MAYOR NUTTER eased into the property-tax-hike bombshell: He thanked political mentors who believed in "a wide-eyed kid from West Philly." He asked for a moment of silence for "exemplary public servants" who died in the past year. He talked of good times and tough choices. He buttered up all 16 Council members, giving individual shout-outs for legislative accomplishments.
"I'd like to take a few moments to thank all of you for what you have done to keep us moving in the right direction," Nutter said near the start of his 45-minute budget address before City Council yesterday. "First and foremost, Council President Darrell Clarke: I'd like to thank you for your diligent leadership."
Nutter also acknowledged that he made a mistake early in his tenure when he proposed closing some libraries during a recession.
"I want to commend City Council for actions it took to protect library service," Nutter said. "City Council was right."
And so it went for a while, what seemed like a delicate dance, perhaps an olive branch from Nutter to a Council with which he so often clashed during the past seven years.
Then Nutter got down to the meat of the matter, delivering the bad news with his trademark unapologetic and unflinching political style. He laid it on the line: a proposal to increase property taxes by 9.3 percent to generate the $103 million requested by the cash-starved School District of Philadelphia.
"Let me say very clearly: I don't want to raise your taxes, but I do want to educate our children," Nutter said. "I don't want the next generation of Philadelphians living under the burdens of poverty and violence, without the opportunity to succeed, and that's why, now more than ever, investing in education, in our city's future, is the right thing to do. And if I have to make a choice between raising revenue or educating our children, I'm going to choose our kids every time."
Nutter spoke to the sound of crickets. No applause, no nods of approval. Council members - 15 of whom are up for re-election this year - sat stoically.
After his speech, Council members used many creative phrases to explain their opposition.
"I think it's important that we support the mayor in an effort to solve a problem, but we shouldn't create another problem in an attempt to solve a problem," said Councilman David Oh, an at-large Republican.
"I don't stand with [Nutter] on that," said Jannie Blackwell, a Democrat who represents the 3rd District. "I thought the rest of his presentation was good, but I don't believe we're for a tax increase."

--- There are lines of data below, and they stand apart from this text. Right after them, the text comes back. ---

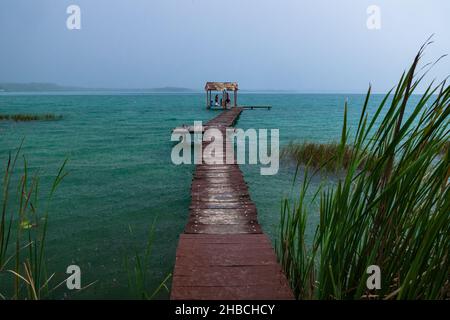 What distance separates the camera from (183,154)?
13.8 m

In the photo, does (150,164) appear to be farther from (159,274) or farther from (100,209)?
(159,274)

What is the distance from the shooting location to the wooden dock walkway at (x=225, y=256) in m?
2.92

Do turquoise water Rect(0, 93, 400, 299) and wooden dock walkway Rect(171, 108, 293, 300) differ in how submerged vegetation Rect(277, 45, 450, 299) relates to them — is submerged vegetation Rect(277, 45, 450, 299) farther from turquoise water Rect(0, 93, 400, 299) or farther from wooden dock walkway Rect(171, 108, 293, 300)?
turquoise water Rect(0, 93, 400, 299)

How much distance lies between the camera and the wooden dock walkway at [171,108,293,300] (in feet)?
9.57

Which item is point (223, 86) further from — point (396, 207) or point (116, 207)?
point (396, 207)

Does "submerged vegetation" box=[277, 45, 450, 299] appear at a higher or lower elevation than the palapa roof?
lower

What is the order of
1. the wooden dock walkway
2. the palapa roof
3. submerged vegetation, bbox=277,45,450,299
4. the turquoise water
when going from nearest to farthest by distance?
submerged vegetation, bbox=277,45,450,299, the wooden dock walkway, the turquoise water, the palapa roof

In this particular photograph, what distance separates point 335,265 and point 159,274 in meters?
3.35

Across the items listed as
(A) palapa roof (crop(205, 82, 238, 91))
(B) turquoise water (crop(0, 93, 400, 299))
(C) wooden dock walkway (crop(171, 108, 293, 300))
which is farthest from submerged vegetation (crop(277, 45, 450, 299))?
(A) palapa roof (crop(205, 82, 238, 91))

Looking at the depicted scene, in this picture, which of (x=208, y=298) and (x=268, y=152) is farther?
(x=268, y=152)

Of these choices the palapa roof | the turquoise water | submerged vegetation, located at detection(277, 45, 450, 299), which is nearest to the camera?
submerged vegetation, located at detection(277, 45, 450, 299) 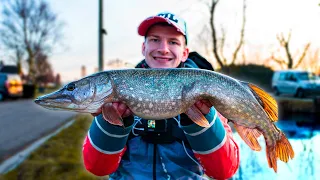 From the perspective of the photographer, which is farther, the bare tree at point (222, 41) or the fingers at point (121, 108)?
the bare tree at point (222, 41)

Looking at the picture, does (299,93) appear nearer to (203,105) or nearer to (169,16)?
(169,16)

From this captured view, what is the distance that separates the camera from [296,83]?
23469 millimetres

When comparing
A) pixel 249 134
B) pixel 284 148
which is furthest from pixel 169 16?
pixel 284 148

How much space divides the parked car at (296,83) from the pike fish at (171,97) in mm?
21468

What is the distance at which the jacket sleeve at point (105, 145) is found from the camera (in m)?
Answer: 2.53

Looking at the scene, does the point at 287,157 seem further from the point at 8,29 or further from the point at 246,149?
the point at 8,29

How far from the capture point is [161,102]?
2.41 metres

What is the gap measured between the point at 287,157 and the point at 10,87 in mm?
27051

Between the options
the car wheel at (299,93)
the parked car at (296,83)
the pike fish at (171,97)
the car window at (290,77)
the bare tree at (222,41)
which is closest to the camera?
the pike fish at (171,97)

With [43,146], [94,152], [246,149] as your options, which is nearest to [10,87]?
[43,146]

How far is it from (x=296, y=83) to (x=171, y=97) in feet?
75.1

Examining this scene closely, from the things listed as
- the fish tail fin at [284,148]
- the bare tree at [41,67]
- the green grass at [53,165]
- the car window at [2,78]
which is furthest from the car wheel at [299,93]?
the bare tree at [41,67]

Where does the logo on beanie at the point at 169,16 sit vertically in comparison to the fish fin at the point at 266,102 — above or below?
above

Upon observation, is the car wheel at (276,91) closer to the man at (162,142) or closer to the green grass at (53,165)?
the green grass at (53,165) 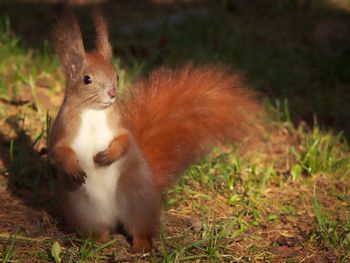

"Throughout my councilmanic district I have had neighborhoods that have been significantly impacted by AVI," said Democratic Councilman Kenyatta Johnson, referring to last year's Actual Value Initiative property reassessment that resulted in higher taxes for homeowners in Johnson's 2nd District.
"So, to go back to them and ask for a 9 percent tax increase on their property taxes is a heavy lift," Johnson said.
Democratic Councilman Mark Squilla was more blunt.
"I think that's not the right way to go," said Squilla, adding that more than 82 percent of his constituents in the 1st District received a tax increase as a result of AVI.
"We need to look at other avenues, and I think we can do it either by looking at the delinquent-tax issue a little harder - grabbing additional revenue from that - and looking to grow our tax base so we can create more revenue without having a monster tax increase," Squilla said.
Councilman Curtis Jones Jr. said the mayor's tax-increase request is "a heavy lift, in light of two tax increases and AVI. However, we're not discounting it and saying it won't happen. But we will absolutely pursue other options to get them the resources they need."
Councilwoman Blondell Reynolds Brown, an at-large Democrat, said she agrees that schools need more money, but how to get it is up for debate.
"This is the beginning of the budget process, and we all know, typically, where we start is not where we end up," she said.
Mayoral candidate state Sen. Anthony Hardy Williams said: "I'm not sure that a property-tax increase is what property-tax owners believe they can support at the present time. So, I hope to work with the governor, in Harrisburg, to provide additional relief to Philadelphia, along with other proposals that I have presented most recently," Williams said, referring to the education plan he released Wednesday.
School District Superintendent William Hite exited Council's chambers sounding pleased.
"We are extremely grateful and excited about the focus on education," he said. "It's one thing to focus on [education], it's another thing to support it, it's another thing to have a funding mechanism to do that. I think that both the governor and the mayor are very serious about . . . helping education . . . "
Joe Grace, director of public policy for the Greater Philadelphia Chamber of Commerce, said that although the chamber has traditionally supported new school funding, the it has yet to take a position on the mayor's request.